Engaging Foundation Model Providers: OpenAI, Anthropic, and Google as Direct AI Vendors

Engaging foundation model providers directly — rather than through hyperscaler marketplaces — gives access to the newest capabilities first but requires distinct governance work. The complete guide to direct engagement with OpenAI, Anthropic, and Google DeepMind — covering enterprise tier offerings, contractual terms, data handling, capability access, and the trade-offs versus hyperscaler-mediated access.

Engaging Foundation Model Providers: OpenAI, Anthropic, and Google as Direct AI Vendors

Key Takeaways

  • Direct engagement with foundation model providers (OpenAI, Anthropic, Google DeepMind) offers access to newest capabilities first but requires distinct governance work versus hyperscaler-mediated access.

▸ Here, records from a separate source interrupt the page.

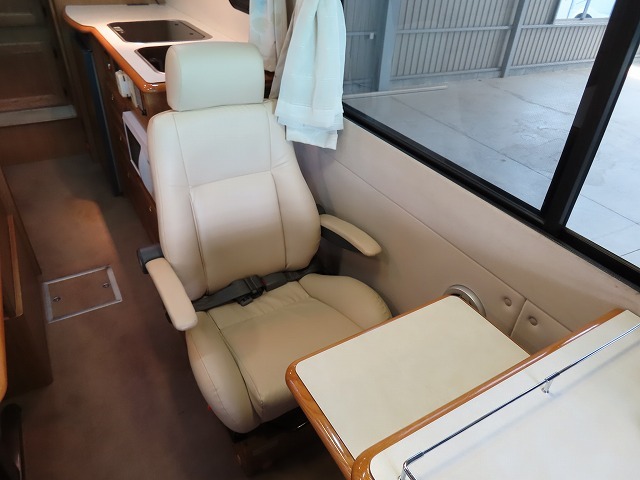 キャンピングカーバスコン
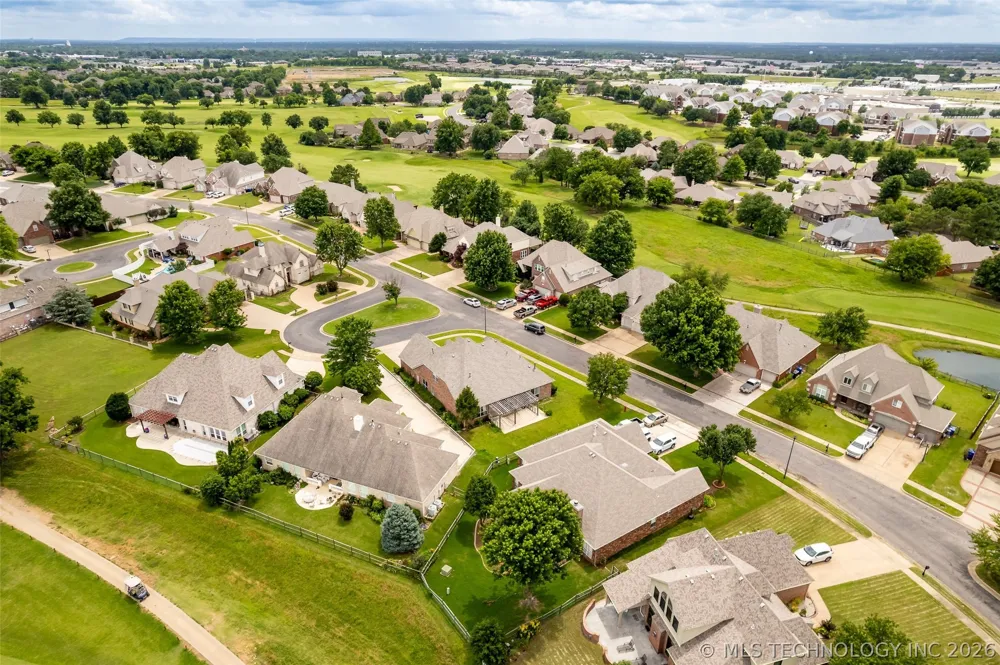 3701 Narcissus Avenue Broken Arrow, OK 74012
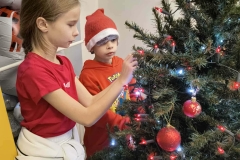 3b49571b-f29f-4c1e-8df5-89e1346c63ce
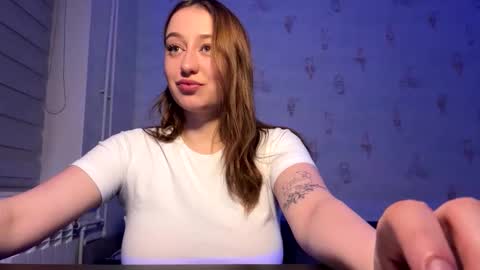 Snapshot of rinvea chatting on March 7, 5:43 pm rinvea online show from March 7, 5:43 pm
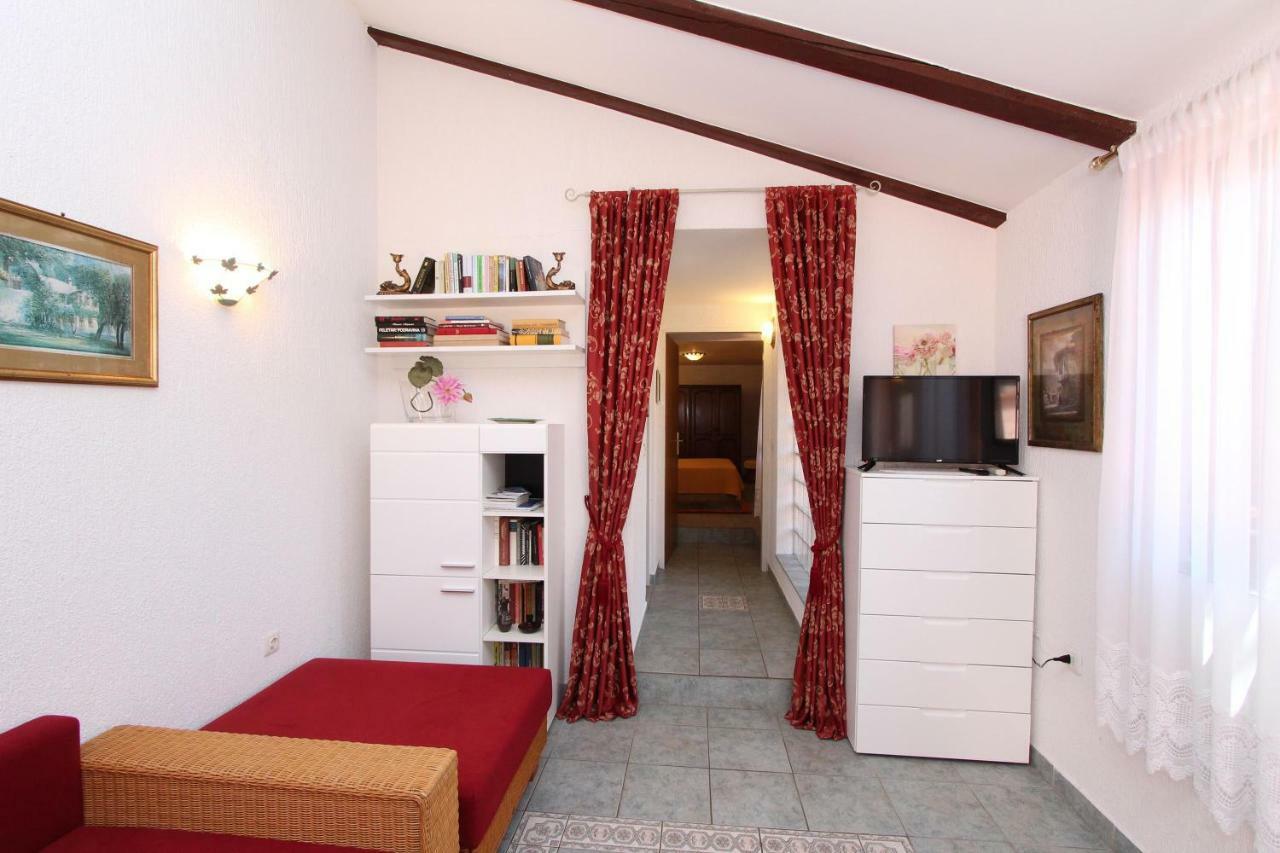 Apartments Villa Lucu Rovinj Eksteriør billede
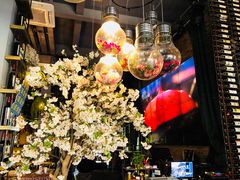 -胡桃里音乐餐厅(陶溪川店)(川湘赣菜·世界百大酒庄直供红酒·音乐表演)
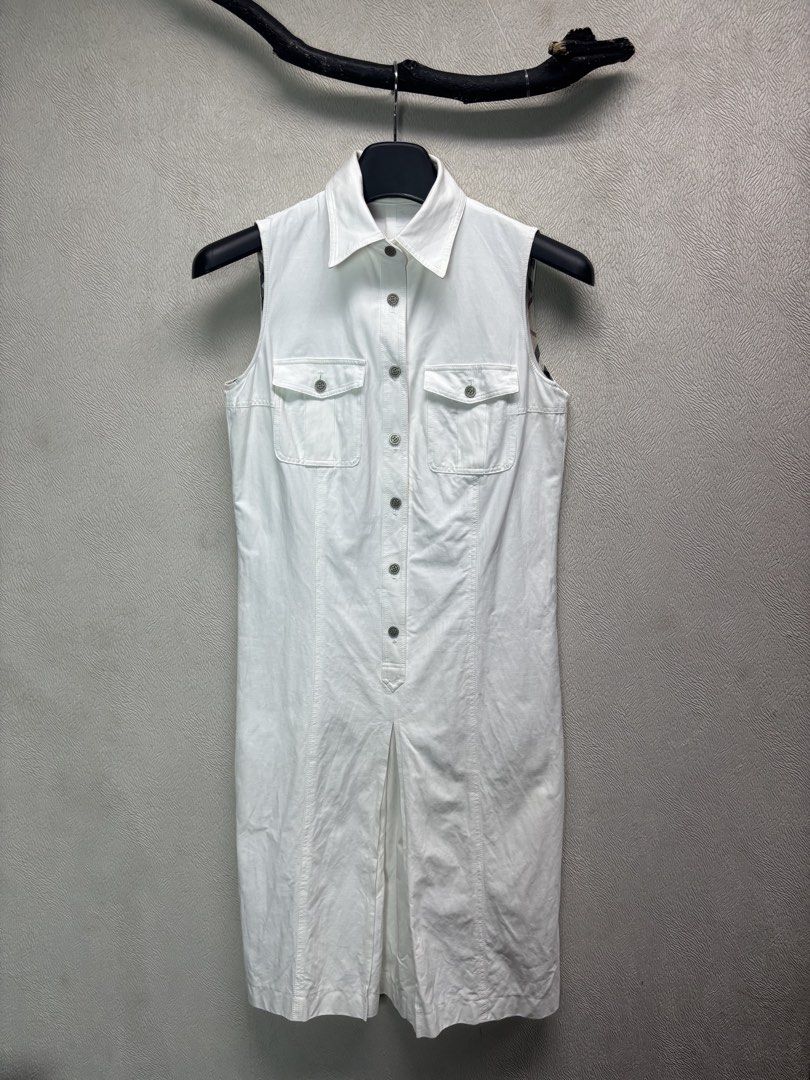 Burberry Dress (Category: Dresses) located in Baybay. Submitted by thrift.ed2023 (Listing ID 1468013609, Image 1). Description: Burberry Dress Medium to Large 18x39 No aissue Need Wash Good as New.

  • Enterprise tier offerings provide stronger data handling commitments than consumer or developer-tier API access — confirm enterprise tier and specific terms in contracts.

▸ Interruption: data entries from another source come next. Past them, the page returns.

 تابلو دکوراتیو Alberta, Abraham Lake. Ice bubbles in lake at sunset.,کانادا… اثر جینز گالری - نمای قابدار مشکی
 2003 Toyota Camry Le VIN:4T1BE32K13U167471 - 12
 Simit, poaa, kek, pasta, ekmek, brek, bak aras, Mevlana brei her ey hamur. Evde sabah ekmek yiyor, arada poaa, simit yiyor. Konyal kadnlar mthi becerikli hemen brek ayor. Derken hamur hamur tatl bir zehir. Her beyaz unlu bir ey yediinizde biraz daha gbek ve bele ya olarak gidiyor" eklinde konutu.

  • GPAI provider obligations under EU AI Act Article 53 (from 2 August 2025) apply to foundation model providers — they must publish training data summaries, technical documentation, copyright compliance evidence.

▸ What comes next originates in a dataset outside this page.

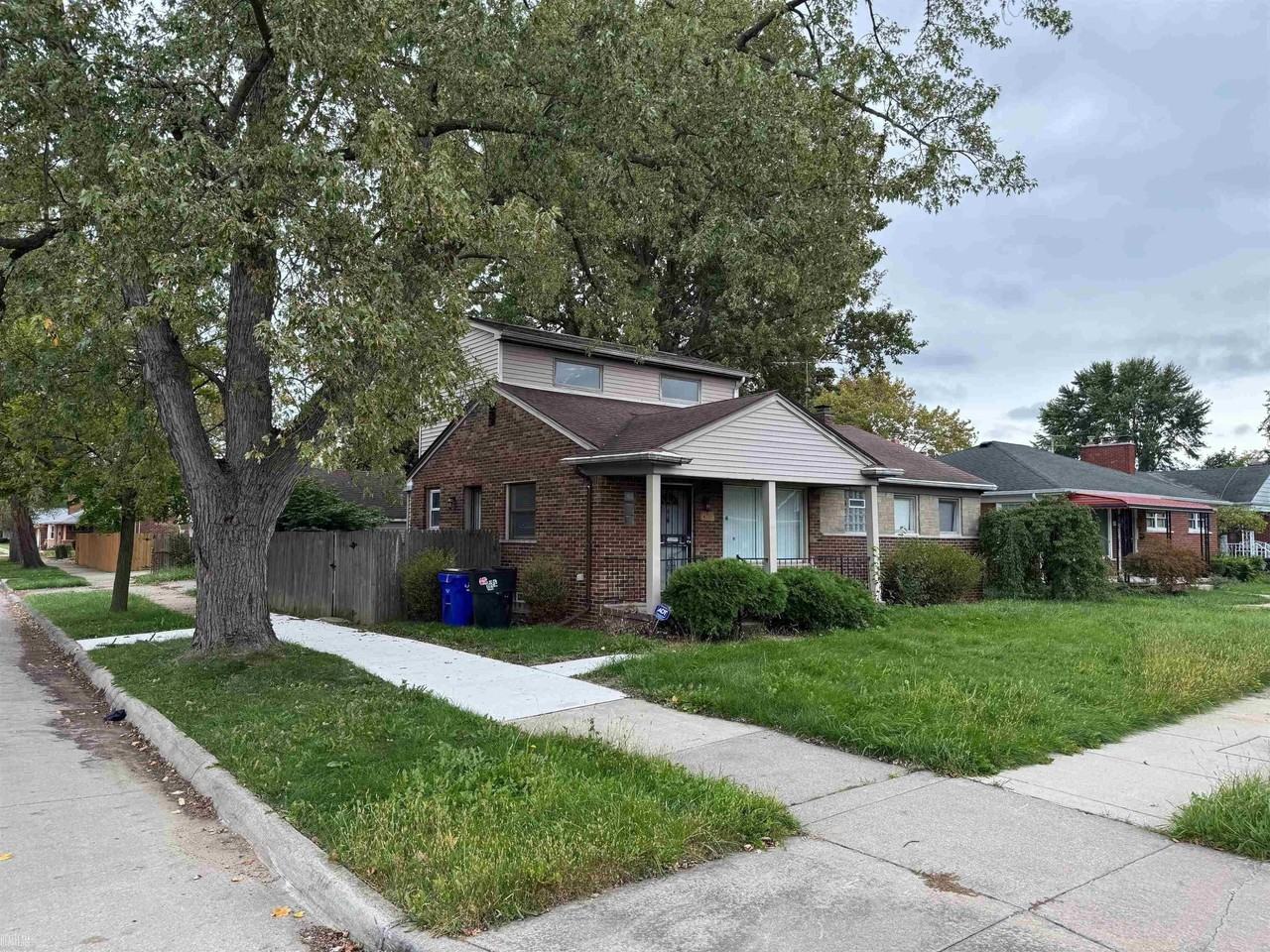 19196 Tyrone St - Photo 2 of 26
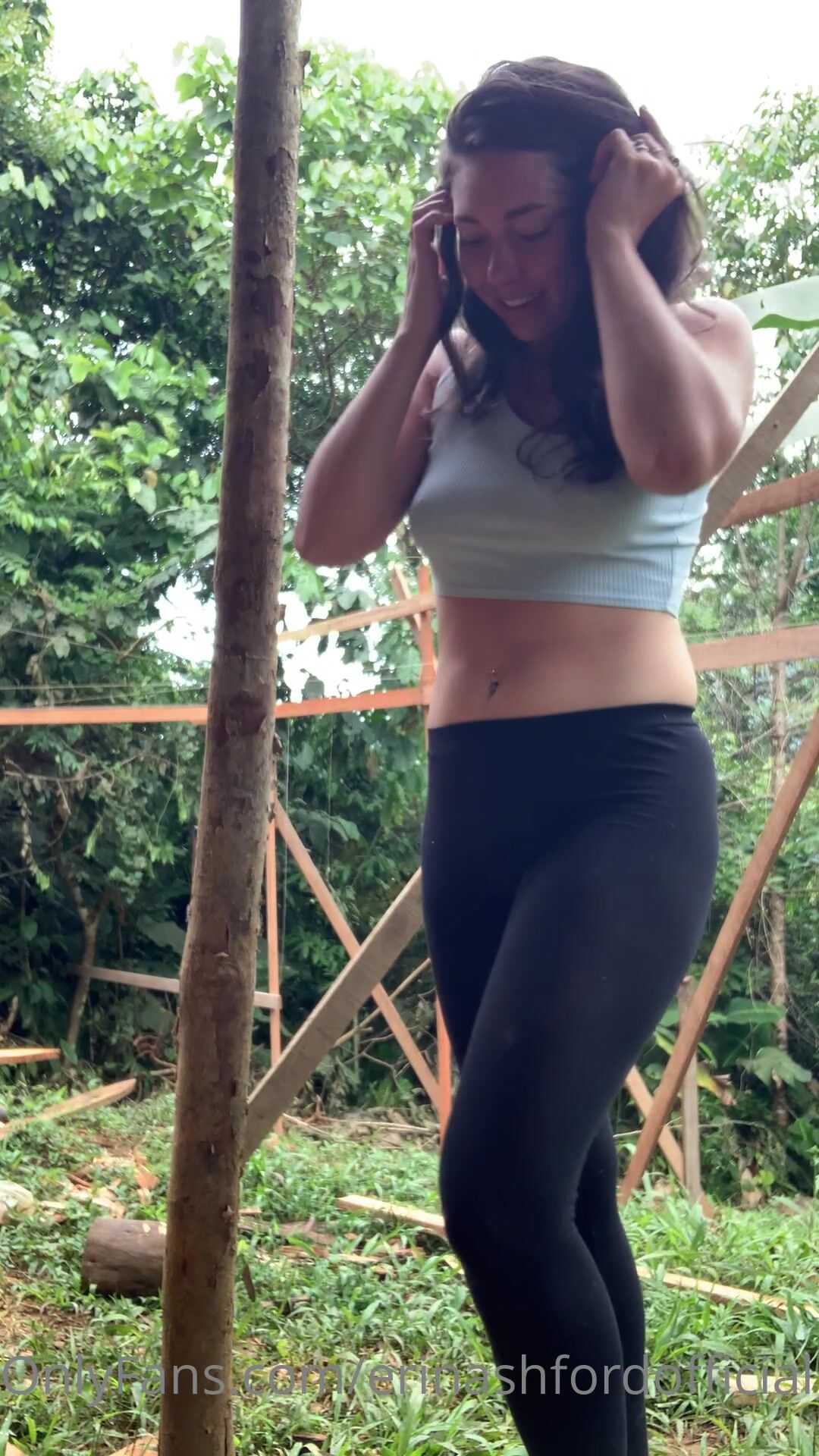 Erin Ashford Outdoor Ass Leak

  • Frontier AI providers have voluntary safety commitments under the Seoul AI Safety Summit framework and Frontier AI Safety Commitments — useful evaluation reference.

  • AI Safety Institute (CAISI, AISI) pre-deployment evaluations cover the major frontier model providers; safety evaluation reports are increasingly available.

  • Direct engagement offers earlier access, more customisation, direct technical support — but requires more governance investment than hyperscaler-mediated access.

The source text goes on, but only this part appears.